And one word— hair. Why is it falling out of my head and growing like a weed everywhere else? Why is it dark now when it used to be blonde? Why do I have to shave my legs twice a week when I used to stretch it to three weeks?


I also have to wear my glasses full-time now because pregnancy can totally mess with your eyesight, and that doesn't always rectify itself pp. Weird.

9. You'll want to speed up and slow down time at the same time.

The days are long, but the years are short….

When a friend said that to me in the midst of the newborn fog that I was convinced would never end, I was like, what are you smoking, and can I please have some?

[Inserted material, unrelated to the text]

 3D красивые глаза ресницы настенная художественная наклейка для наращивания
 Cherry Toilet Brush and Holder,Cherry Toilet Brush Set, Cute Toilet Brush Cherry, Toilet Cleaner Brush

As with all things in retrospect, you realize it’s true. For every agonizingly long groundhog day that you endure, you find yourself checking the date and thinking — how the hell has it been that long? Where did those 6 months go?

I remember thinking things like it will get easier once she can roll over, crawl, stand, walk, talk, etc.

I wished a lot of it away because, as wonderful as it was, it was also hard.

Now I find myself wishing I could turn back the clock and savoring the little moments, wanting to hold on to them as long as possible because I know, in the not too distant future, this will be something I’ll miss.

10. They’re only babies for a year.

Blink, and you’ll miss it. Your baby isn’t a baby anymore, at least not physically. You are a toddler parent now, and you can’t believe how quickly that happened. Hitting a year is almost like a graduation ceremony.


Congratulations, you are now proficient in the art of parenting!

Sort of.

The truth is you’re more in the realm of confidently winging it. They seem less fragile now, and your skin is less green. You’ve found your rhythm, and you understand each other. It’s been a long time since you hit google in a panic or opened an app, or obsessed over what the other babies are doing in your online parenting groups.

You’re finding the balance in your identity between parent and self.

Everything that felt so foreign has comfortably become the new normal.

So there you have it. Prepare to be completely unprepared, and you might just save yourself a little heartache in your first year.


It’s all trial and error. We all have to find our way. As much as I personally would love to burn all the parenting advice books (particularly the ones about sleep), you might find them to be your salvation.

You’ll make mistakes, you’ll have regrets, and you’ll think of all the things you could’ve or should’ve done differently. You might even write a 10-point listicle about what you learned. Whatever path you choose, you will have done the very best with the information you had at the time.

Hindsight is 20/20, but one thing I believe above all when it comes to parenting (and life) is that we shouldn't sugarcoat it.

It’s not always sunshine and daisies, and you might even feel like you have more bad days than good days in that first year (and beyond). But the more we talk about and normalize the uglier side of things, maybe, one day, these lessons won’t seem so harsh or unexpected.